Re: amcheck support for BRIN indexes

From: Arseniy Mukhin <arseniy(dot)mukhin(dot)dev(at)gmail(dot)com>
To: Andrey Borodin <x4mmm(at)yandex-team(dot)ru>
Cc: PostgreSQL Hackers <pgsql-hackers(at)lists(dot)postgresql(dot)org>
Subject: Re: amcheck support for BRIN indexes
Date: 2025-06-18 08:33:38
Message-ID: CAE7r3MJh4qD3SE5ZvBhz-Ae8F7C=K5ZtzyxZQcbEvV5RZwmRRg@mail.gmail.com
Views: Whole Thread | Raw Message | Download mbox | Resend email
Thread:
Lists: pgsql-hackers

On Mon, Jun 9, 2025 at 1:16 AM Tomas Vondra <tomas(at)vondra(dot)me> wrote:
>
> On 6/8/25 14:39, Arseniy Mukhin wrote:
> > Hi,
> >
> > Here is a new version.
> >
> > TAP tests were added. Tried to reproduce more or less every violation.
> > I don't include 2 tests where disk representation ItemIdData needs to
> > be changed: it works locally, but I don't think these tests are
> > portable. While writing tests some minor issues were found and fixed.
> > Also ci compiler warnings were fixed.
> >
>
> Thanks. I've added myself as a reviewer, so that I don't forget about
> this for the next CF.
>

Thank you, looking forward to hearing your thoughts.
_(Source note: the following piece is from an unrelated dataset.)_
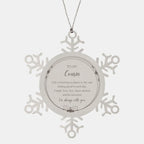 Cousin Christmas Snowflake Engraved Ornament Birthday Gifts - Life is learning to dance in the rain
On Mon, Jun 16, 2025 at 8:11 PM Andrey Borodin <x4mmm(at)yandex-team(dot)ru> wrote:
>
> Hi!
>
> Nice feature!
>

Hi Andrey, thank you for your interest in the patch!

> > On 8 Jun 2025, at 17:39, Arseniy Mukhin <arseniy(dot)mukhin(dot)dev(at)gmail(dot)com> wrote:
> >
> > <v2-0001-brin-refactoring.patch>
>
>
> +#define BRIN_MAX_PAGES_PER_RANGE 131072
>
> I'd personally prefer some words on where does this limit come from. I'm not a BRIN pro, just curious.
> Or, at least, maybe we can use a form 128 * 1024, if it's just a sane limit.
>

Actually I don't know where this value came from, this limit already
exists in reloptions.c, so patch just creates macros so that it can be
reused in the check without duplication.

>
> > On 8 Jun 2025, at 17:39, Arseniy Mukhin <arseniy(dot)mukhin(dot)dev(at)gmail(dot)com> wrote:
> > <v2-0002-amcheck-brin-support.patch>
>
>
> A bit more detailed commit message would be very useful.
>

Agree, it was too concise. Added commit messages.
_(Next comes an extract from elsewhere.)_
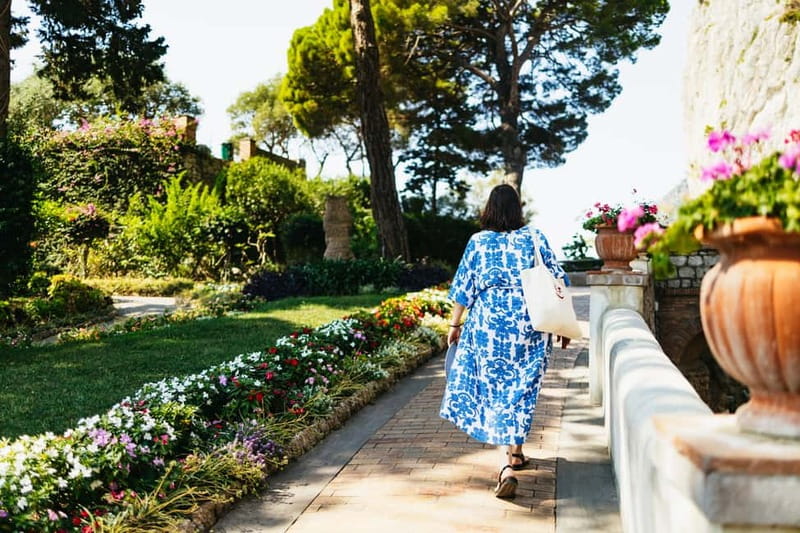 From Sorrento/Nerano: Capri Island Cruise with Guide Onboard - Capri town and the Augustus Gardens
> The test coverage is very decent. The number of possible corruptions in tests is impressive. I don't really have an experience with BRIN to say how different they are, but I want to ask if you are sure that these types of corruption will be portable across big-endian machines and such stuff.
>

Yeah, it seems that there are a lot of things that can go wrong with
the test's portability. What I think can be done to make it more
robust:
- using regular expressions to find places we want to corrupt instead
of concrete offsets. This way we avoid problems with different
alignments for 32 bit and 64 bit systems.
- using perl pack() function, so it uses the endianness of the system
where you run tests. This helps to avoid problems with different
endianness.
- don't touch things like varlena len that have different values on
different machines.
And if some test turned out to be not portable we can drop it, but at
least we would know that the code works, so it also would not be a
useless effort.

> Copyright year in all new files should be 2025.

Fixed.

>
> Some documentation about brin_index_check() would be handy, especially about its parameters. Perhaps, somewhere near gin_index_check() in amcheck.sgml.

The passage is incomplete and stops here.